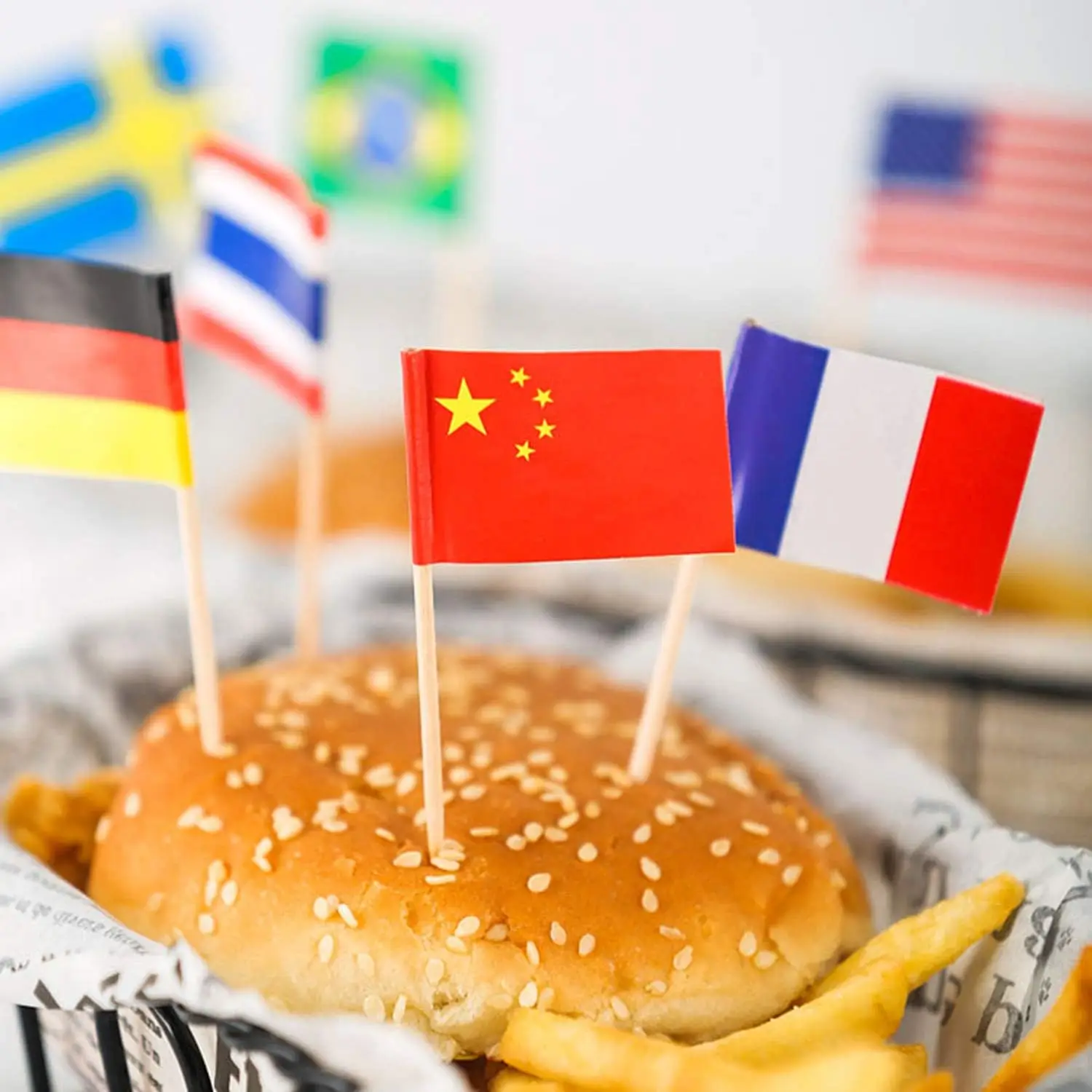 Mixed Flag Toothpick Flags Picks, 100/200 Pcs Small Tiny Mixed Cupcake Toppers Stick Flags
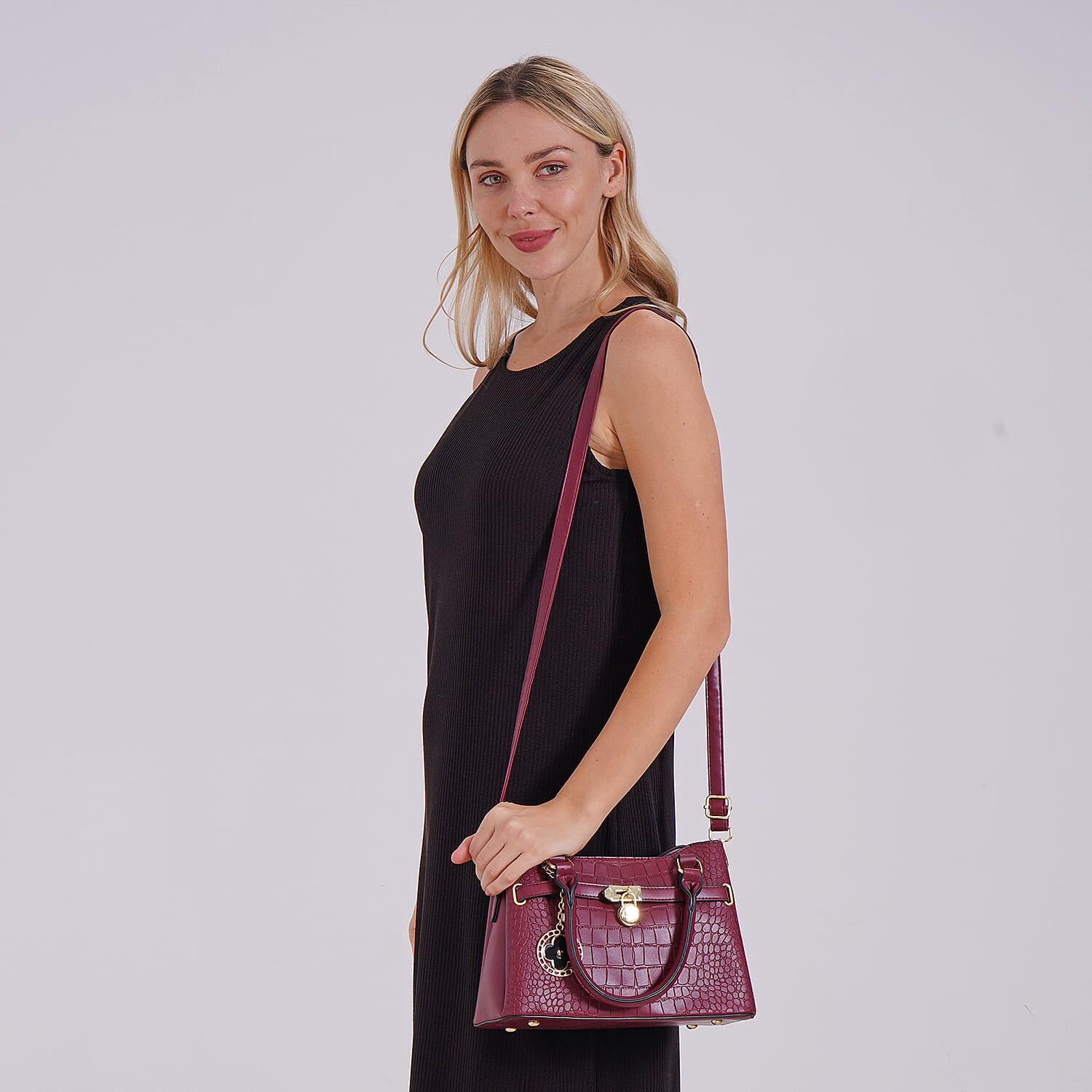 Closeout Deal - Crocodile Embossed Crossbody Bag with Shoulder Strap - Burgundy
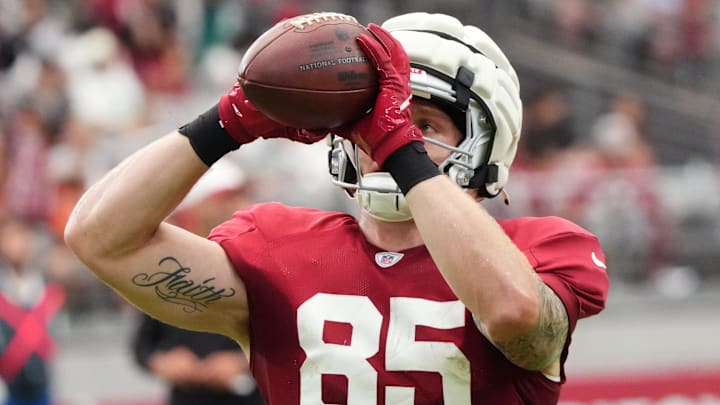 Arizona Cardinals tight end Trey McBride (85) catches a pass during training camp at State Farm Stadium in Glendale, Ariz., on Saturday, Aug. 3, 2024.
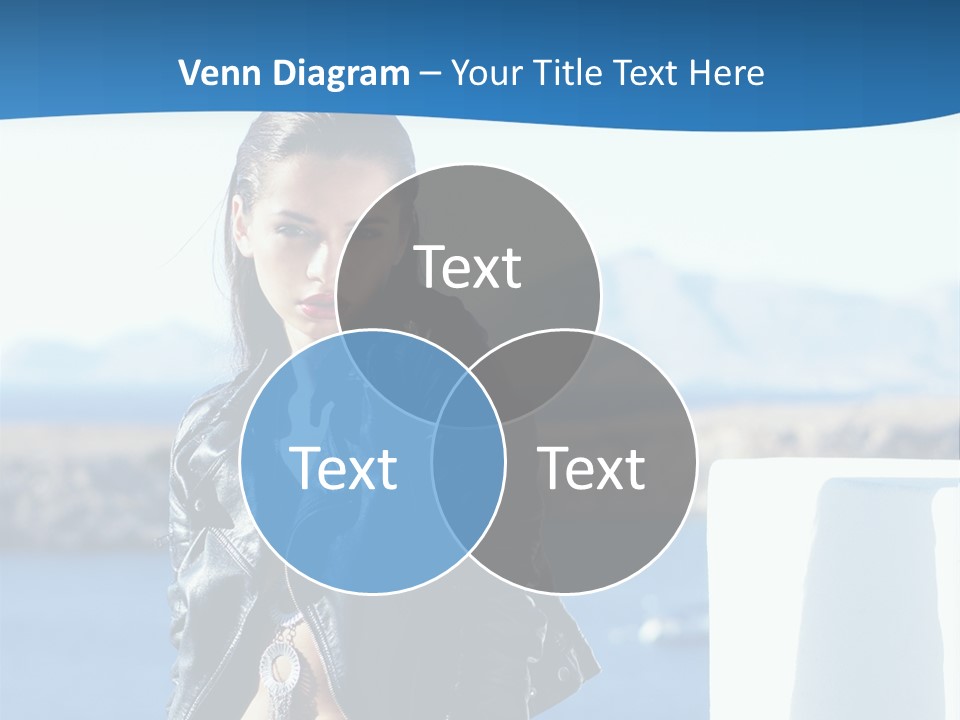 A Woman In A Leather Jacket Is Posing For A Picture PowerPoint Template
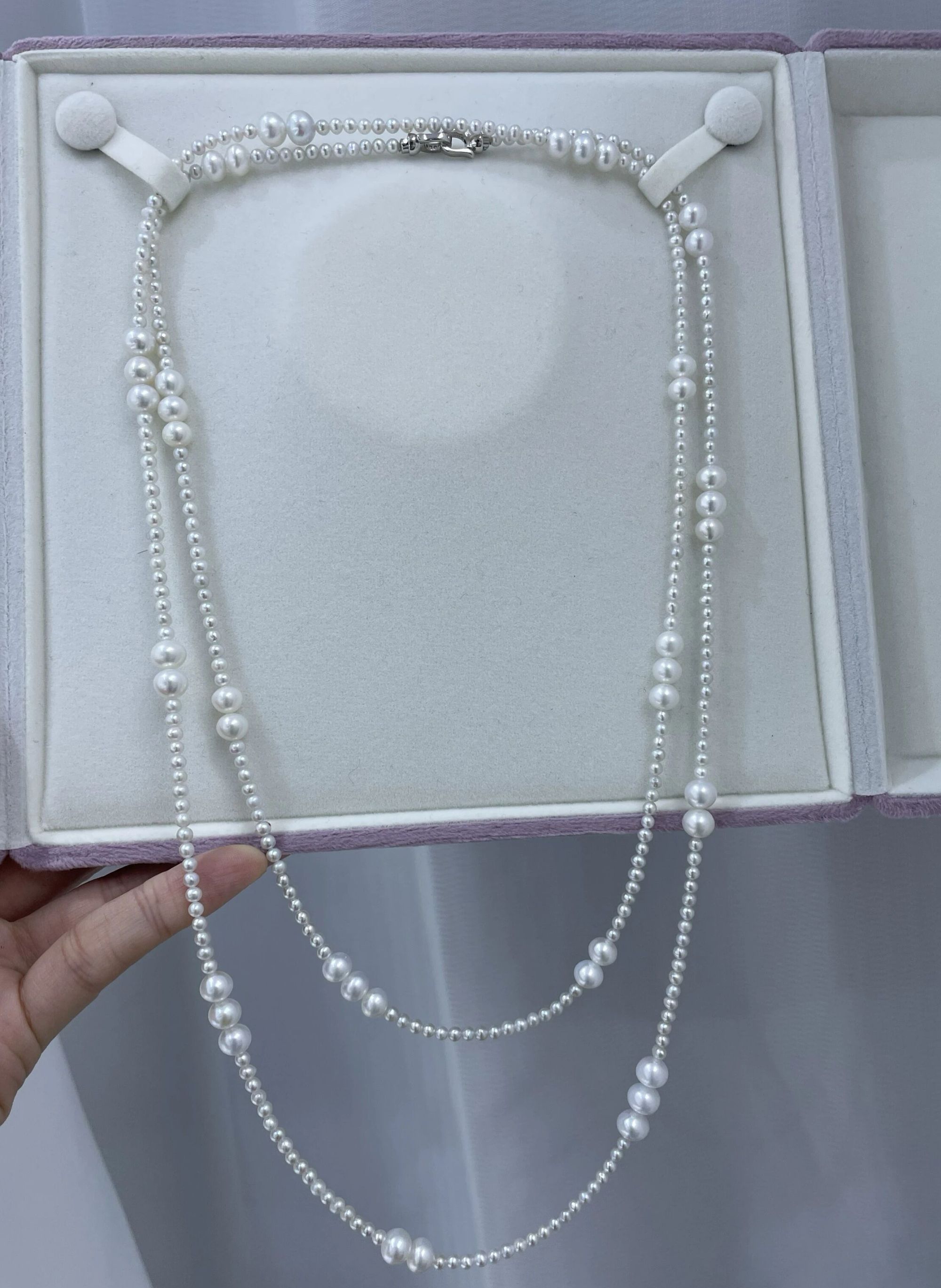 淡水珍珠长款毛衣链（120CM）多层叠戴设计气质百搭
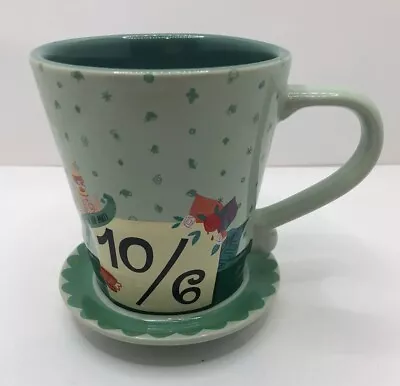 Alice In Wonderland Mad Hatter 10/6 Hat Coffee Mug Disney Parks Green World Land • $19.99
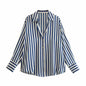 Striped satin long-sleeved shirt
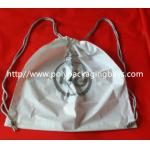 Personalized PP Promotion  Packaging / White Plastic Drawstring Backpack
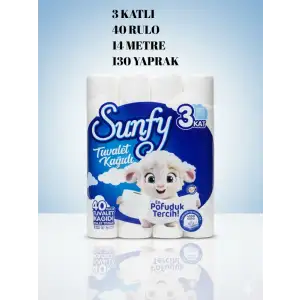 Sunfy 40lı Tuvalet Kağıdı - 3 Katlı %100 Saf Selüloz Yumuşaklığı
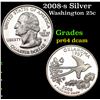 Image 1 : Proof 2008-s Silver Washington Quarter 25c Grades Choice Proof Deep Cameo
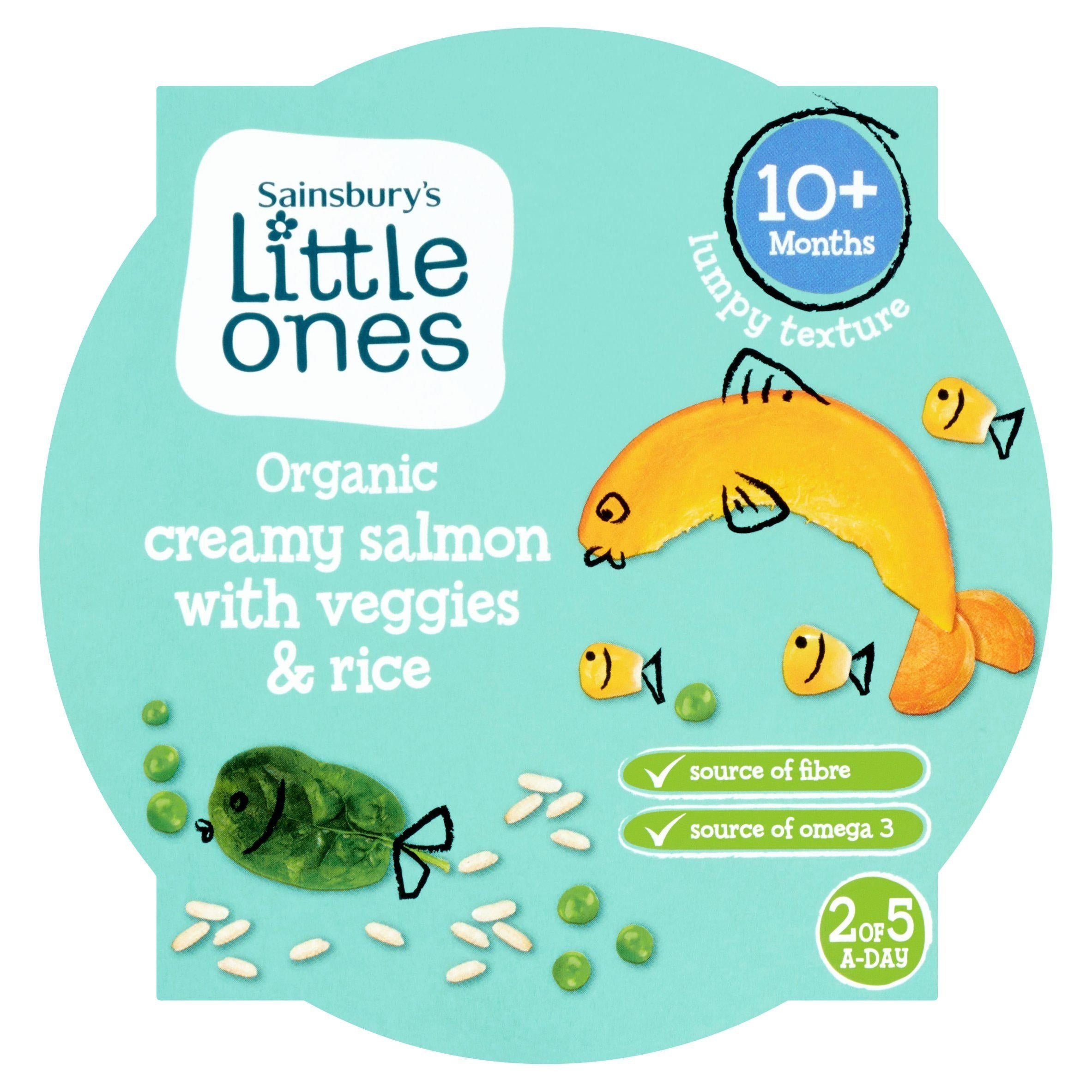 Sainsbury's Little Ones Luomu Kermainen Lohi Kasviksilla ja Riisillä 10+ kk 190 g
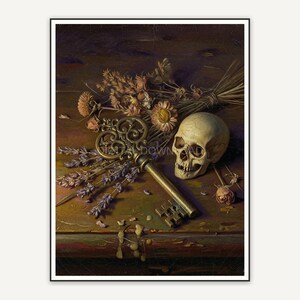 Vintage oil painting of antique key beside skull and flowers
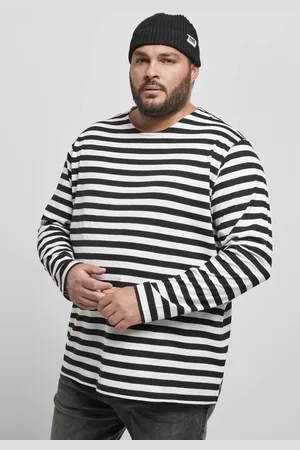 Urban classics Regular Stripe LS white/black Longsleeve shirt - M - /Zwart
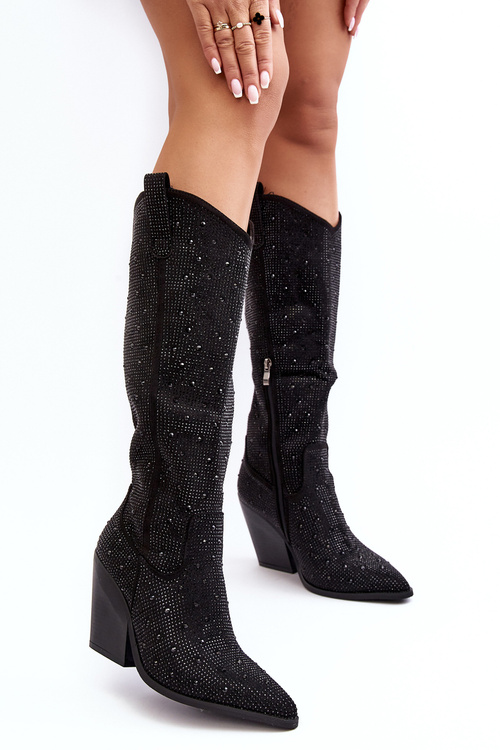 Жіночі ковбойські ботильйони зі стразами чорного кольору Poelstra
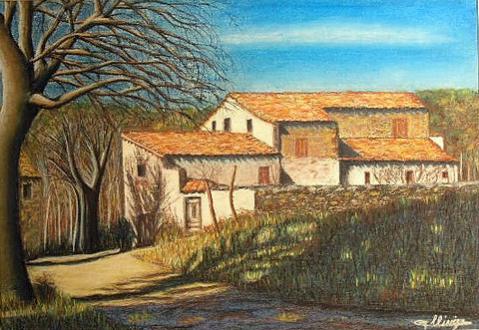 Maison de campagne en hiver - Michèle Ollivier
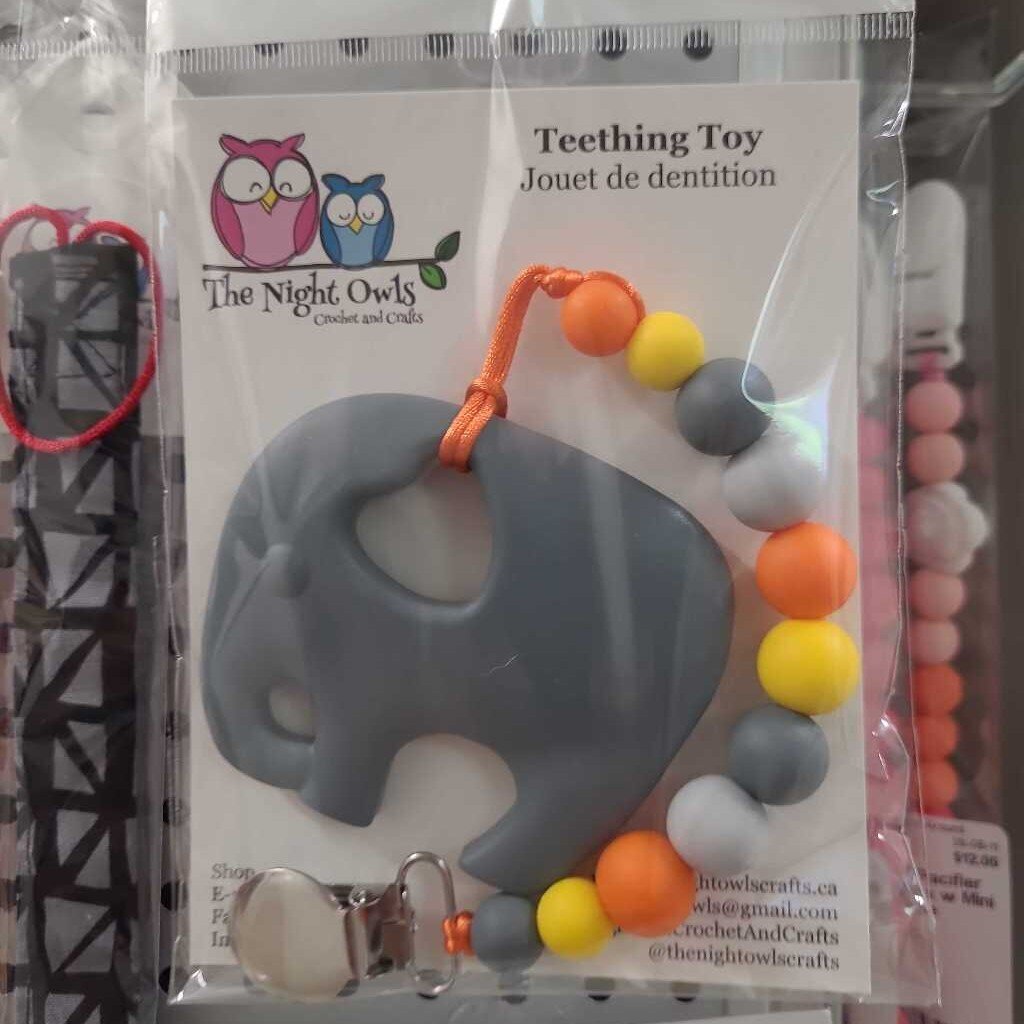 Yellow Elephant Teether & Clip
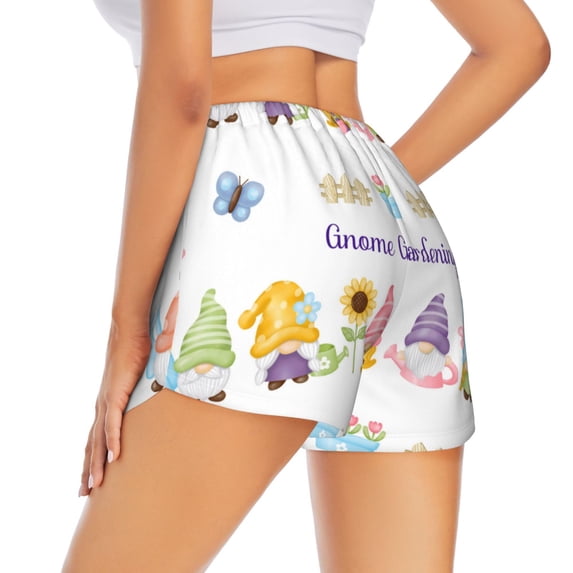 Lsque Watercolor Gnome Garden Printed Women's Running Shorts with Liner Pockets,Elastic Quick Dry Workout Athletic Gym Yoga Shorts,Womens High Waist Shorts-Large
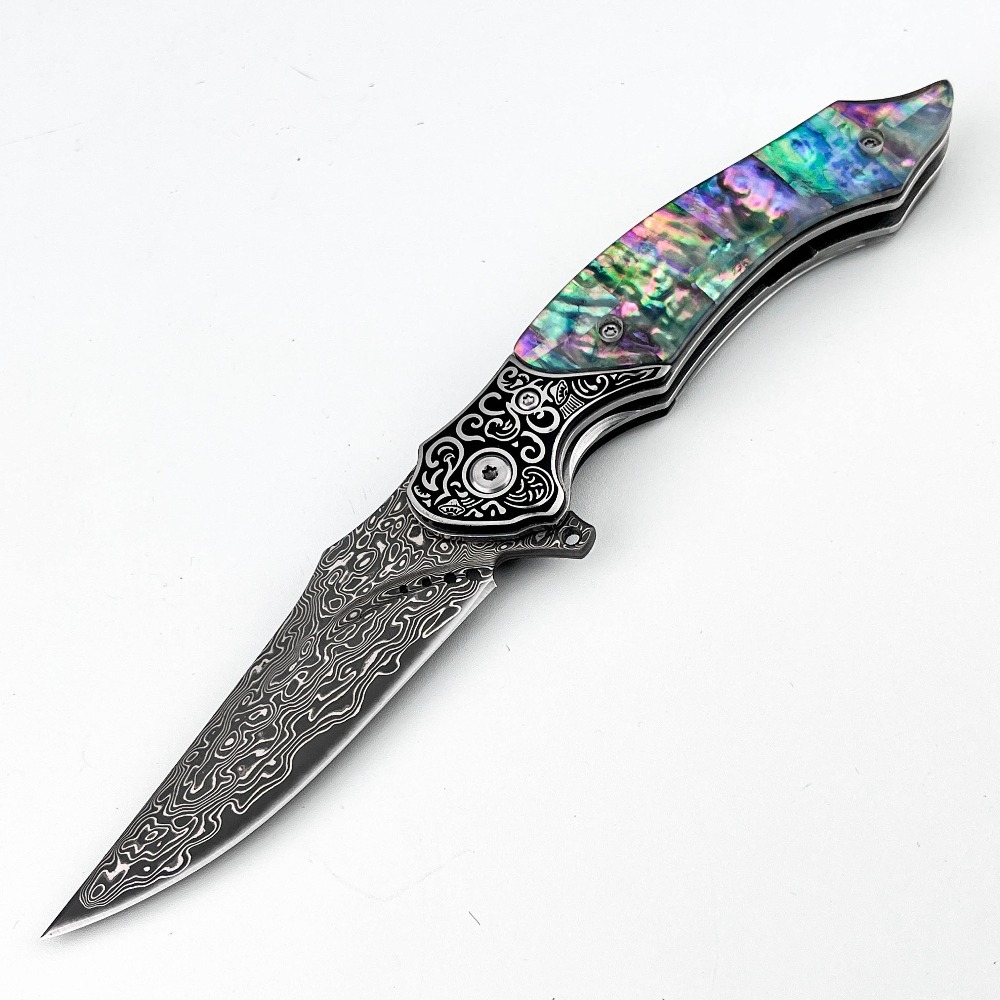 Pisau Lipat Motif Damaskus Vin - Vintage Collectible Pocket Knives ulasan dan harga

==============================

▶ EXERCISE REQUIREMENTS
Return every entry word for word, but drop any pictures.

▶ SOLUTION
 Mixed Flag Toothpick Flags Picks, 100/200 Pcs Small Tiny Mixed Cupcake Toppers Stick Flags
 Closeout Deal - Crocodile Embossed Crossbody Bag with Shoulder Strap - Burgundy
 Arizona Cardinals tight end Trey McBride (85) catches a pass during training camp at State Farm Stadium in Glendale, Ariz., on Saturday, Aug. 3, 2024.
 A Woman In A Leather Jacket Is Posing For A Picture PowerPoint Template
 淡水珍珠长款毛衣链（120CM）多层叠戴设计气质百搭
 Alice In Wonderland Mad Hatter 10/6 Hat Coffee Mug Disney Parks Green World Land • $19.99
 Striped satin long-sleeved shirt
 Personalized PP Promotion  Packaging / White Plastic Drawstring Backpack
 Sunfy 40lı Tuvalet Kağıdı - 3 Katlı %100 Saf Selüloz Yumuşaklığı
 Image 1 : Proof 2008-s Silver Washington Quarter 25c Grades Choice Proof Deep Cameo
 Sainsbury's Little Ones Luomu Kermainen Lohi Kasviksilla ja Riisillä 10+ kk 190 g
 Vintage oil painting of antique key beside skull and flowers
 Urban classics Regular Stripe LS white/black Longsleeve shirt - M - /Zwart
 Жіночі ковбойські ботильйони зі стразами чорного кольору Poelstra
 Maison de campagne en hiver - Michèle Ollivier
 Yellow Elephant Teether & Clip
 Lsque Watercolor Gnome Garden Printed Women's Running Shorts with Liner Pockets,Elastic Quick Dry Workout Athletic Gym Yoga Shorts,Womens High Waist Shorts-Large
 Pisau Lipat Motif Damaskus Vin - Vintage Collectible Pocket Knives ulasan dan harga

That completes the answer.